Esta decisión no surge del vacío. El canciller alemán, Friedrich Merz, ejerció una presión considerable para excluir las aplicaciones de inteligencia artificial industrial del ámbito de la ley. Su objetivo era proteger la competitividad del sector manufacturero europeo frente a otros mercados globales.
La industria alemana logra eximirse de la normativa
La maniobra política tuvo consecuencias directas e inmediatas. Gigantes tecnológicos como Siemens, Bosch y ASML quedan excluidos del cumplimiento de la normativa de IA industrial. Esta excepción marca una victoria clara para el lobby industrial alemán en las negociaciones finales.
Mientras se suavizan las reglas para la fábrica, se endurecen las relativas a la identidad digital. La UE incluyó una prohibición expresa contra los sistemas capaces de generar deepfakes de personas reconocibles sin consentimiento. Es una línea roja trazada para proteger la integridad de la información pública.
El plazo para etiquetar contenido sintético se reduce a la mitad
La obligación de identificar el contenido generado por inteligencia artificial se mantiene vigente. Sin embargo, el periodo de gracia para adaptarse pasó de seis meses a solo tres. Las plataformas tendrán menos tiempo para implementar los mecanismos técnicos necesarios.
Este ajuste refleja la urgencia de Bruselas por controlar la desinformación visual. La rapidez con la que evolucionan estas herramientas obliga a los legisladores a acortar los tiempos de implementación técnica.
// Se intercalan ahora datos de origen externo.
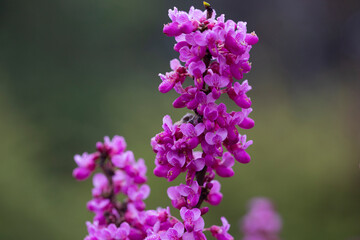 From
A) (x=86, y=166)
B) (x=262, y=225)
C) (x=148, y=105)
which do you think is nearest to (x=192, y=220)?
(x=86, y=166)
Apple y Meta desafían las normas de transparencia digital
En otro frente regulatorio, la tensión entre Silicon Valley y Bruselas continúa. Apple y Meta se resisten a cumplir los requisitos de interoperabilidad establecidos por la Ley de Mercados Digitales (DMA) y la Ley de Servicios Digitales (DSA).
La Comisión Europea ha tenido que matizar sus propias exigencias ante esta resistencia corporativa. Los gigantes tecnológicos argumentan problemas de seguridad y privacidad para justificar su lentitud en la apertura de sus ecosistemas.
El mapa regulatorio europeo muestra así sus contradicciones. Por un lado, cede terreno a la industria pesada para no frenar su innovación. Por otro, mantiene el pulso con las plataformas digitales sobre el control de los datos y el acceso.